Residual oxygen in air may even re-oxidize copper if hydrogen is not continuous.
Q8. After rains, an iron gate shows more rust than in dry weather. Analyze why rusting accelerates and suggest two practical steps to slow it.
Answer:
Rusting needs oxygen and water. Rain gives moisture, so rusting speeds up.
Water helps ions move, so the electrochemical process of rusting becomes faster.
Dissolved carbon dioxide (CO₂) and salts in rainwater can also increase corrosion.
In dry air, the lack of water slows the reaction.
Practical steps: keep iron painted or oiled to block air and moisture.

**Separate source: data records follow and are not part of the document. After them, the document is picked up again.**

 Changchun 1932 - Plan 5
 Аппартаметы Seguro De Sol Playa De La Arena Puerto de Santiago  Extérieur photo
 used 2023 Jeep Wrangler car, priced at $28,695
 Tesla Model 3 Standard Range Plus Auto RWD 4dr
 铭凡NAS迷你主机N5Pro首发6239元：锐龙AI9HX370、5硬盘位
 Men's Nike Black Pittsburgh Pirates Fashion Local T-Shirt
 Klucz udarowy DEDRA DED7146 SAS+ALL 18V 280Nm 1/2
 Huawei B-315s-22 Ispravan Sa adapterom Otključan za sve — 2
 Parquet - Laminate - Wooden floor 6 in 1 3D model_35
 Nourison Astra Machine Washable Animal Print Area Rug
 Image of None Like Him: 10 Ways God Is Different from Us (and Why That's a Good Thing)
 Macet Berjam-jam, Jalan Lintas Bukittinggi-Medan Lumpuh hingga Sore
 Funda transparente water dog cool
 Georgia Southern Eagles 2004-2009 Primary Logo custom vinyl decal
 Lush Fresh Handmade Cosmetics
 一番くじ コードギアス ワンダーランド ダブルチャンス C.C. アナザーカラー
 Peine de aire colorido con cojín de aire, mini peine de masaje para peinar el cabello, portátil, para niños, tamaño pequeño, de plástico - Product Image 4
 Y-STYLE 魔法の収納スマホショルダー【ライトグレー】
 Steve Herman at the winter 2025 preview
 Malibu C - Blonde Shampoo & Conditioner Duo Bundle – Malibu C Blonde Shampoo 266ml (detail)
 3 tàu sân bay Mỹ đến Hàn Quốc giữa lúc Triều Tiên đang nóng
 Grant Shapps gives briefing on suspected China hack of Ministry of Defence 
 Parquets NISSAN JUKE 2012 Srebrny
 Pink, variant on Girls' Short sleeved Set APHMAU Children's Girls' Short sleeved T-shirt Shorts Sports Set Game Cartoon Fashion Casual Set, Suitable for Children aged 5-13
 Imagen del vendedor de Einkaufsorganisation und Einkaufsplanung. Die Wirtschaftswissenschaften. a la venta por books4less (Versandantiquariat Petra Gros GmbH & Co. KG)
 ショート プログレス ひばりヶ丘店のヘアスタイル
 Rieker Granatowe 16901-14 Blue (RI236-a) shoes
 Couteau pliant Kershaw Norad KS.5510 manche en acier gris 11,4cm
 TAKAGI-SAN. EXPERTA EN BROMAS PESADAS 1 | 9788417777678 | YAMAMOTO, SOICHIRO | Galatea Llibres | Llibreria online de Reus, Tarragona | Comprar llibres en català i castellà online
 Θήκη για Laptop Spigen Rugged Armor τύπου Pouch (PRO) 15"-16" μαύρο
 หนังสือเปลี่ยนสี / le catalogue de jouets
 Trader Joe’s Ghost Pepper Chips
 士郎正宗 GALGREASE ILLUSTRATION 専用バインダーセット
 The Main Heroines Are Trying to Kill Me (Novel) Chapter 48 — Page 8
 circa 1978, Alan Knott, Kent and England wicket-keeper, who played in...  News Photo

Also ensure good drainage and regular drying after rain to reduce rust.
Q9. You heat a mixture of zinc oxide and carbon. How would the result change if carbon is in excess versus limited? Explain using redox ideas and expected products.
Answer:
In general: ZnO + C → Zn + CO. ZnO is reduced; carbon is oxidized.
With excess carbon, more oxygen from ZnO can be taken, and more CO forms.
With limited carbon, some ZnO may remain unreduced. The reaction may be incomplete.
If oxygen supply from ZnO is high and carbon is ample, CO can further become CO₂.
But in closed conditions, CO is the common product seen.
The shiny zinc confirms reduction, while gas evolution shows oxidation of carbon.
Q10. Your silver jewelry turned black, while an iron railing turned reddish-brown. Compare both changes as corrosion, and explain how they happen and how to reduce them.
Answer:
Both are corrosion, but the products are different.
Iron forms rust (iron oxide, Fe₂O₃) in the presence of air and moisture.
Silver forms a black tarnish, usually silver sulfide (Ag₂S), reacting with sulfur compounds in air.
Both are redox processes where the metal is oxidized.
To reduce these, keep metals dry and covered (paint for iron, airtight storage for silver).
Cleaning and avoiding polluted, humid environments help slow corrosion.